It almost looks as if Matthew has made Jesus here an example of the very defiling language that Jesus himself has just condemned at the beginning of our lesson. “What comes out of the mouth proceeds from the heart, and that is what defiles,” he cries. “For out of the heart come evil intentions, murder … false witness, slander.” Jesus certainly shares our common humanity with the drive to exclude, lodged within his own heart.
While we might be shocked at Jesus’ language and at his all too human reaction, the twist in today’s lesson is that it is the faithfulness in the heart of the Gentile woman that brings grace to the situation, even enlarging Jesus’ heart and mission. Because of her faith, Jesus learns and grows. What is it exactly, in the woman’s petition, that is able to breach the boundaries that Jesus sets on his mission? What is it in her that so effectively pierces the barriers that we human beings set up between us and those who are different?
Professor Karoline Lewis names all kinds of possibilities: Is it the Gentile woman’s persistence? Her determination not to give up despite the disciples’ rejection and Jesus’ ugly words? Is it that she honestly admits her need before the Lord, kneeling down and humbly pleading, “Kyrie Eleison,” “Lord have mercy?” Is it that she recognizes that Jesus is Lord and God and believes that he can heal her daughter? Is it that she is clever with her words and able to turn Jesus’ insult to win her argument? Is it because she is willing to move past the boundaries that we human beings place on others and on ourselves?[1] The Gentile woman’s faith is probably made up of all of these things, but one thing stands out to me: her lack of fear.

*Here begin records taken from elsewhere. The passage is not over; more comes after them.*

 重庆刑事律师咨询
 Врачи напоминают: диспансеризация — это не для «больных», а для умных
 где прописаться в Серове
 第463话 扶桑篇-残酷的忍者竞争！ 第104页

Just last week, we heard Jesus upbraid Peter for his “little faith,” as his fear got the better of him in his attempt to cross the waves to come to Jesus. Remember? It was the blowing winds, those turbulent winds of the world, that unnerved him, and he stumbled. He lost his focus on Jesus, and he sank. The Gentile woman in today’s story, however, is somehow able to push aside her fear. She must have been afraid. Afraid that her daughter would soon die or go mad. Afraid of the hostile disciples and their strange language, clothing, and religion. Afraid of the power and the hostility that she senses in Jesus himself. Crossing the no-man’s-land between unfriendly cultures and separate religions, she must have felt as vulnerable as Peter treading across those waves. She must have felt as battered as Peter by the hostile winds of the world around her. And yet, intently clinging to Jesus as the only hope for her daughter, she is somehow able to push through her fear. “Woman, great is your faith,” Jesus says to her. “Let it be done for you as you wish.” Unlike Peter, the Gentile woman does not sink.

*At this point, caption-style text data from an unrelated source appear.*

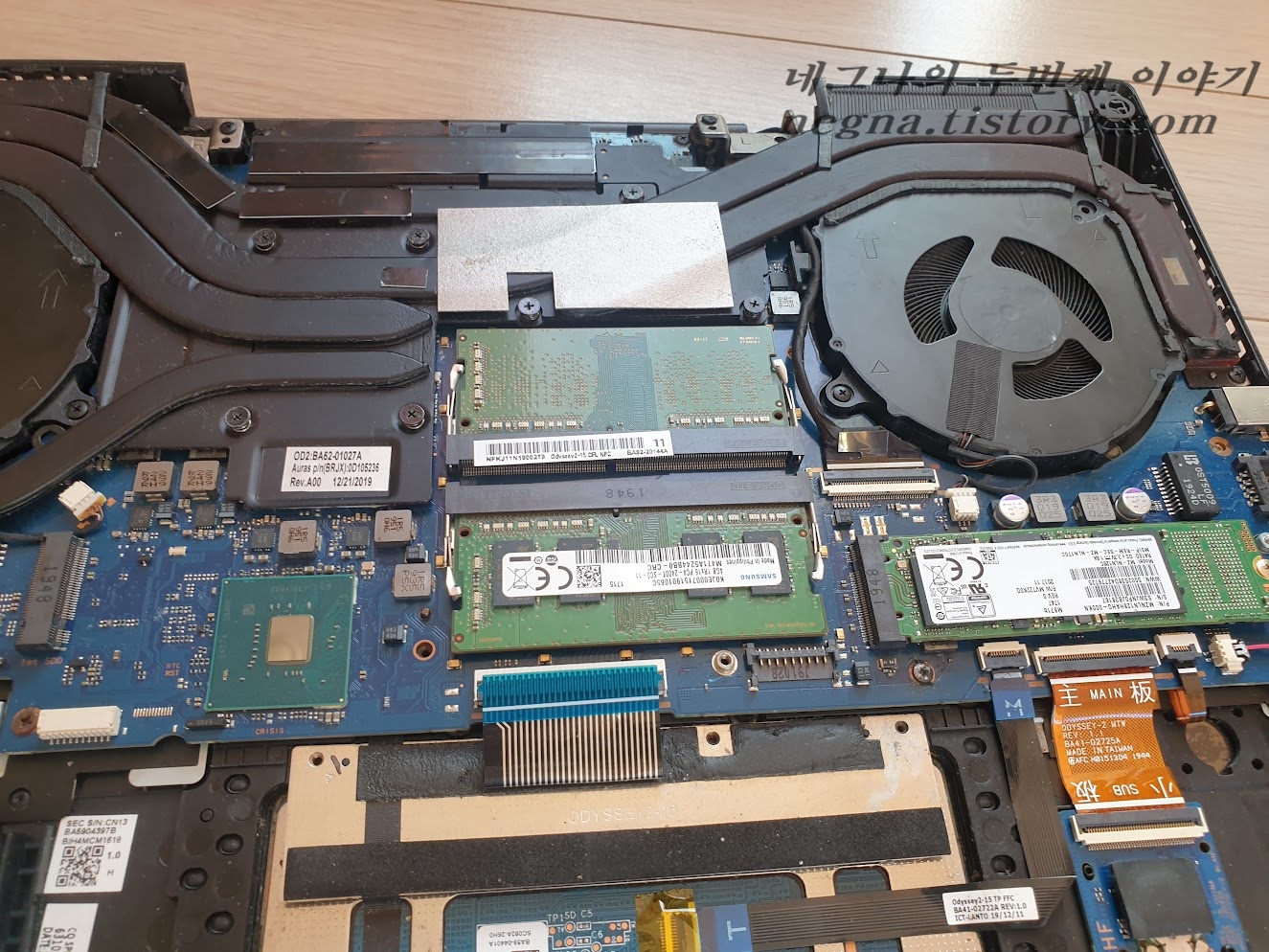 삼성 노트북 키보드 3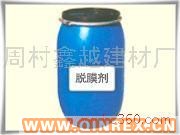 供應出售鑫富達牌脫膜劑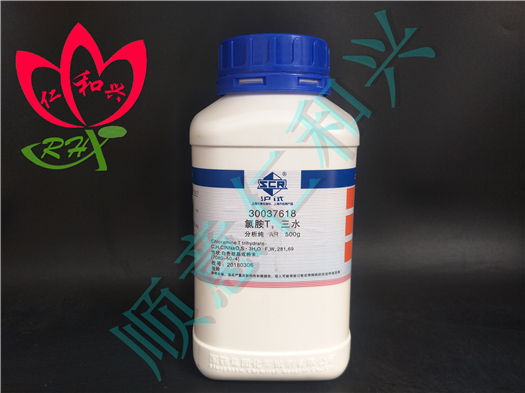 国药 沪试 国药 沪试 济南库 氯胺T,三水 AR 500G 国药 AR 500G AR 500G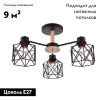 Люстра на штанге Escada 508 508/3PL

Whenever I think about the faith of people like today’s Canaanite woman, or about the faith of those who defied the Nazi’s in World War II, or about the faith of the Christians in Iraq today who face exile and death rather than abjure their beliefs, I tend to hold my own faith up in limp comparison. “I would be afraid to do that,” I shrug sadly. I tend to forget that courage is not lack of fear. It is acting in spite of fear. The point of today’s lesson is not to start us picking at our own “little faith.” I believe that the point of today’s lesson is to fill us with the courage to venture, ourselves, across the scary, windy seas that divide neighbors not just around the world, but right here in our own community. As the Gentile woman transforms Jesus, she can transform us, as well.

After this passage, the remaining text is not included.